On the other side of the ball, things are a bit closer. 

Kansas City has actually allowed more yards than Atlanta (1,107 to 992), and more yards per play as well (5.2 to 5.0). The Chiefs have allowed fewer points (57 to 66) and fewer points per drive (1.58 to 1.94), and have allowed their opponents to score a touchdown or field goal on a lower percentage of their total drives (30.6 percent to 38.7 percent), but Expected Points Added still finds that the Atlanta defense has been about 5.3 points more valuable than that of the Chiefs. 

The Chiefs have allowed more rushing yards (335 to 255), but fewer yards per rush (4.3 to 4.8). They've allowed more passing yards (772 to 737) and more yards per pass (6.9 to 6.1), but thanks to their greater success at limiting touchdowns (2 to 4) and creating interceptions (4 to 1), they have a lower opponent's passer rating and QBR. Both teams are dealing with long-term injuries to important defenders, as Vic Beasley is out for several weeks with a torn hamstring, while Eric Berry is out for the season with a torn Achilles. 

There are several metrics through which we can tease out each team's overall performance. Their record is the same, for example, but the Chiefs have the lead in point differential (plus-36 to plus-21). The Falcons were No. 1 and the Chiefs were No. 2 in ESPN's Football Power Index heading into Week 3, but the Chiefs seem likely to jump into the top spot as a result of this weekend's performances. Kansas City was also No. 2 in Football Outsiders' DVOA after two weeks, but considering they were behind only the Baltimore Ravens and that the Ravens were blown off the field by the Jaguars on Sunday morning, it also seems likely the Chiefs will take over the top spot in DVOA when those rankings come out on Wednesday. Atlanta was No. 9 in DVOA after two weeks and seems likely to remain somewhere in that range. 

So, yes, the Chiefs have been better than the Falcons through three weeks. But we're not only interested in the past; we also want to know (or at least get a better idea of) what will happen in the future. Here's a look at the upcoming schedule for each team:

7at NEat OAK
9at CARat DAL
11at SEAat NYG

Simply by virtue of their upcoming schedules, it sure seems like Atlanta is likely to stay unbeaten longer. First of all, the Falcons have a bye in Week 5, giving them one fewer chance to lose than the Chiefs over the next several weeks. Additionally, the Falcons play only the Bills and Dolphins over the next three weeks, while the Chiefs face tougher games against Washington, the Titans and the Steelers. And while the Falcons likely have the single toughest game on their schedule between now and the end of November (at New England in Week 7), the Chiefs have a slightly tougher slate overall. Their opponents in Weeks 4 through 12 currently have a combined 14-10 record, while the Falcons' opponents have a record of 12-10, thanks to the fact that the Dolphins and Bucs both had Week 1 byes and both appear on Atlanta's schedule over the next several weeks. 

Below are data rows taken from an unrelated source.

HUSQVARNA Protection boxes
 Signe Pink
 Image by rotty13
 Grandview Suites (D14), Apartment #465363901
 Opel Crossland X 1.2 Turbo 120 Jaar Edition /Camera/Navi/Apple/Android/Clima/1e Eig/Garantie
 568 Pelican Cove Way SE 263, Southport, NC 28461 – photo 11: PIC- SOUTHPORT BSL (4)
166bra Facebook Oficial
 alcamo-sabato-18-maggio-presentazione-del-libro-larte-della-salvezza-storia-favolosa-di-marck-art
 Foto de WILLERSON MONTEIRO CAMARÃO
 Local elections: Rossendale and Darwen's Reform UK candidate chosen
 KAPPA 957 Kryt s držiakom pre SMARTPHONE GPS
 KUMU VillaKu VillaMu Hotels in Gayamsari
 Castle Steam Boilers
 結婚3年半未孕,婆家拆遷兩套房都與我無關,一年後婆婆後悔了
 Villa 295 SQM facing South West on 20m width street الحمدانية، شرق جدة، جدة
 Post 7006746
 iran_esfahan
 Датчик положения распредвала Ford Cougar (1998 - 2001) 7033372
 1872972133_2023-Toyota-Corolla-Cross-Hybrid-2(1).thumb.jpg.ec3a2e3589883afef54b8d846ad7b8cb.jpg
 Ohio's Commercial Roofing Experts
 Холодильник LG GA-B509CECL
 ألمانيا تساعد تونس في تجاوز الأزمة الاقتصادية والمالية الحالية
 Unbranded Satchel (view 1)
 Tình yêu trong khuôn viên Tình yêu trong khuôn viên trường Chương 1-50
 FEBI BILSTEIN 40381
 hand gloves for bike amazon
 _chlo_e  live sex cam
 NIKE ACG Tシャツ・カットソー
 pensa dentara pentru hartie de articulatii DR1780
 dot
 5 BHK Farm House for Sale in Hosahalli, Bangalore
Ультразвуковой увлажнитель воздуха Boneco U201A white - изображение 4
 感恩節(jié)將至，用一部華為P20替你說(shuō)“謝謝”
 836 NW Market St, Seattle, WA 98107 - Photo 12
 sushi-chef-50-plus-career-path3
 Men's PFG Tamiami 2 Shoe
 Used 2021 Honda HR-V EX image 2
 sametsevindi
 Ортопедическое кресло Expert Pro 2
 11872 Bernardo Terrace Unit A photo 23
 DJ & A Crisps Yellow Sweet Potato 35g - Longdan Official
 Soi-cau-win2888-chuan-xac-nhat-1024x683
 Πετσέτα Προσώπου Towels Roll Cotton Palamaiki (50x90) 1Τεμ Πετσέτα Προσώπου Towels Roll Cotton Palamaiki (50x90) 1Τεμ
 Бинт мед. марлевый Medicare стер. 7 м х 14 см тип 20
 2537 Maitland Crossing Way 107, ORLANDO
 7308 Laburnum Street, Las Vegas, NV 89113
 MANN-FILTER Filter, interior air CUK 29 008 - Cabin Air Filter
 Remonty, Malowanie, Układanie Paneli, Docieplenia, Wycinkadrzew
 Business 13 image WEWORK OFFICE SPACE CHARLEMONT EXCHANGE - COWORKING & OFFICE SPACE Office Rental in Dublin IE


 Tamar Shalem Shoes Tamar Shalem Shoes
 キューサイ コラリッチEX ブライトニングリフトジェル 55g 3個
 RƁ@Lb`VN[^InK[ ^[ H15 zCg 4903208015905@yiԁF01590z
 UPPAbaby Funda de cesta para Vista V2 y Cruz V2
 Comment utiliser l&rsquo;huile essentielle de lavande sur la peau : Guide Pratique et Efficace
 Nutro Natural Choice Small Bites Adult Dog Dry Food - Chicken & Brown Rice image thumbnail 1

But who stays unbeaten for longer is not necessarily the indicator of who will be the better team. The first three games of the season would seemingly point us toward the Chiefs being the better squad for the balance of the season, but the first three games have also shown us a Chiefs offense that is wildly out of step with what we've come to expect over the last several years. How much you buy them as a better overall team than the Falcons likely comes down to how much faith you have that this is the "new normal" for them going forward. Kareem Hunt isn't going to keep scoring 50-plus-yard touchdowns every single week (I think) and Alex Smith likely isn't going to continue being the best downfield passer in football. Matt Ryan isn't going to throw three picks every week and Julio Jones isn't going to get completely shut out of the end zone all year. But if the Chiefs can go from being the above-average offense they've been during the Andy Reid Era to being an excellent one, that closes the gap significantly. If they continue playing the way they have during that same period of time on defense, they just might be the best team in the league.